Archive for October 14th, 2020

“What you gonna do when you get out of jail?…” part 198

Wednesday, October 14th, 2020

I thought today, for a change of pace, I’d make everyone hungry.

Chicken Chasseur, or “Hunter’s Chicken”.

Bonus #1: Bigos, or “Polish Hunter’s Stew”.

Bonus #2: This is longer, but it pushes another of my hot buttons (other than food), arctic exploration. “The Food Of Prince Philip’s Arctic Expedition” from the Real Royalty channel. (The arctic expedition part is early on, if you don’t want to watch the whole thing.)

Obit watch: October 14, 2020.

Wednesday, October 14th, 2020

Conchata Ferrell.

Yes, yes, “Two and a Half Men”, but she did a lot of other work too.

Ms. Ferrell had achieved acclaim decades earlier in New York theater, appearing as the prostitute April in Lanford Wilson’s “The Hot L Baltimore” (1973), a role he wrote for her. The play won multiple awards, including an Obie for best Off Broadway play, and ran for three years.
Ms. Ferrell collected her own Off Broadway prizes, including the Drama Desk Award for best actress in a play and an Obie, for her performance as a disillusioned waterfront-bar owner in “The Sea Horse” (1973).
She received her first Emmy nomination in 1992 for a recurring role as Susan Bloom, a ruthless entertainment lawyer with more money than manners, on “L.A. Law.”
She later said the three favorite characters she had played were Berta, April and Susan Bloom.

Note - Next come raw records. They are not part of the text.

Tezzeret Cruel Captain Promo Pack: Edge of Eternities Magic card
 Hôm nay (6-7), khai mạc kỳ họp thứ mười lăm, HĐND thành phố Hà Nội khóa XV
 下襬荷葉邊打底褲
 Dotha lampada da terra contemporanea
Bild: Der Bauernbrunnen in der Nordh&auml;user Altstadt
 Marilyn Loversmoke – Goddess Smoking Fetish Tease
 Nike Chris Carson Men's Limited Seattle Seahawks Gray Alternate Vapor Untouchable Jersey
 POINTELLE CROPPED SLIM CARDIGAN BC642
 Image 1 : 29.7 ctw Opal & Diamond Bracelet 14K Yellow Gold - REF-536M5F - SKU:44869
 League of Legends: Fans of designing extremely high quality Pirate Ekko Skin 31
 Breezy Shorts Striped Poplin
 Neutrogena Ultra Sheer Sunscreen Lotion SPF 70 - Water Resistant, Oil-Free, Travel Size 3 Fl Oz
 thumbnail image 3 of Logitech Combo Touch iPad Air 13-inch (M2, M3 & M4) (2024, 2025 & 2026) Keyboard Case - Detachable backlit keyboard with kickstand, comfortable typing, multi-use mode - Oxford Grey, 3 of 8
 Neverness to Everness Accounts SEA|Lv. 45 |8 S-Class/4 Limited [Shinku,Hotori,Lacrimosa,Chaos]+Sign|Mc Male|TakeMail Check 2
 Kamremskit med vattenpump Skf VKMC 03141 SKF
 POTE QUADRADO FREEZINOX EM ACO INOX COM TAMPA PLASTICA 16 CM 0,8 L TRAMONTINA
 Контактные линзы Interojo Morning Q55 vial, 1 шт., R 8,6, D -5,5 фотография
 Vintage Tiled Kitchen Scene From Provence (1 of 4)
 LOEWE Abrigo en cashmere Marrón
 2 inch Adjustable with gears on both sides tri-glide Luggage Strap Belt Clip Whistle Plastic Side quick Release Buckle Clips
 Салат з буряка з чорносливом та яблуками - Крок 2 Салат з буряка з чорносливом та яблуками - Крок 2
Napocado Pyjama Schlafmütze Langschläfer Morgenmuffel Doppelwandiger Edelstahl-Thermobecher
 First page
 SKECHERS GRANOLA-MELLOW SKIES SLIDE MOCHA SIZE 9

What they had in common, she said in a 2018 interview with The Huntington Quarterly, a West Virginia magazine, was “a zest for living life to the fullest in the best way available to them.”

She notably played the judge who refused to annul Ross and Rachel’s Las Vegas marriage on “Friends” (1999). But she often went dramatic too, playing a homesteader’s wife in the 1979 movie “Heartland” and appearing on series including “Knots Landing,” “Lou Grant” and “Touched by an Angel.” In a 1986 television version (and Los Angeles stage version) of William Inge’s heart-wrenching drama “Picnic,” she played the kind widow who hires a dangerous drifter.
Ms. Ferrell also had small roles in big movies, including “Network” (1976), as a television executive appalled by Faye Dunaway’s series ideas, and “Edward Scissorhands” (1990), as a neighborhood lady in pink hair rollers. She starred as a pizzeria owner in “Mystic Pizza” (1988), with a cast that included a young Julia Roberts. The two reunited in “Erin Brockovich” (2000), with Ms. Ferrell as Albert Finney’s secretary.

She never did a “Mannix”, but she did appear on “The Rockford Files” and “Quincy, M.E”, and had a recurring role as “The Fox” on both “B.J. and the Bear” and “The Misadventures of Sheriff Lobo”, along with a bunch of other guest shots.